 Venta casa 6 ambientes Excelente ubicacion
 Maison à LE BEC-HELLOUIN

==*==

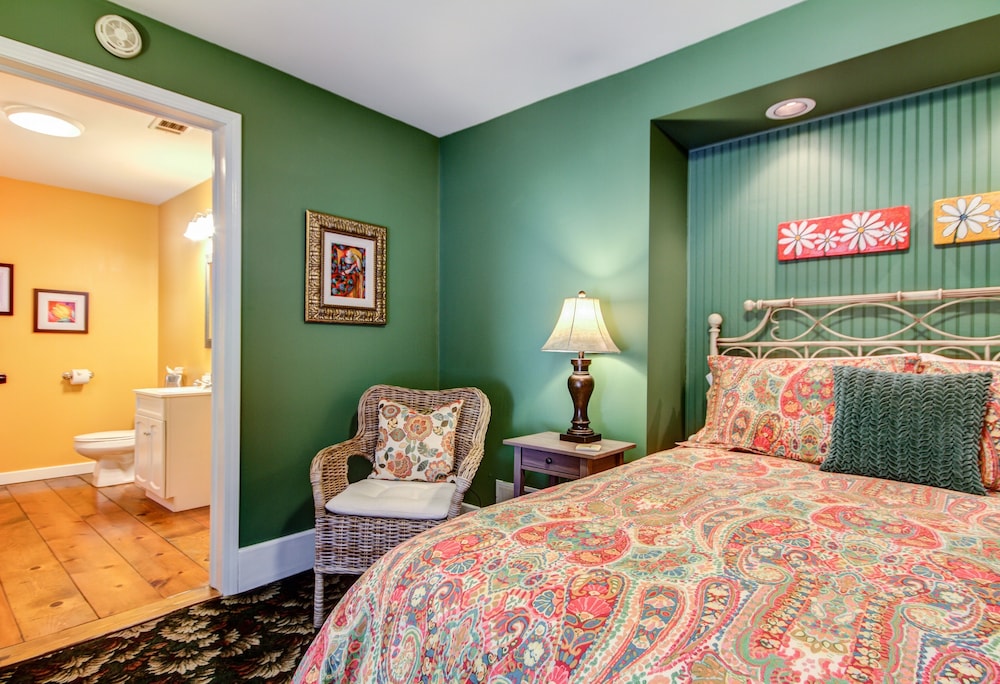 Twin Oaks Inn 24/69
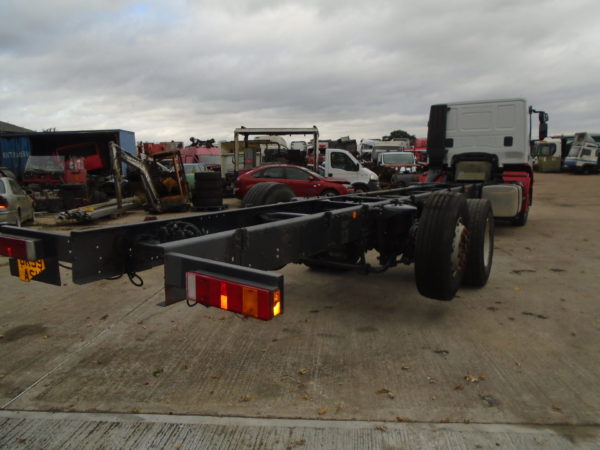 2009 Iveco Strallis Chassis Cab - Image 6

==*==

**TASK TO COMPLETE**.
Proceeding from the line containing "Venta casa 6 ambientes Excelente ubicacion" through the line containing "Maison à LE BEC-HELLOUIN", transcribe the lines above exactly, both end lines included.

**THE COMPLETED TASK**.
 Venta casa 6 ambientes Excelente ubicacion
 Maison à LE BEC-HELLOUIN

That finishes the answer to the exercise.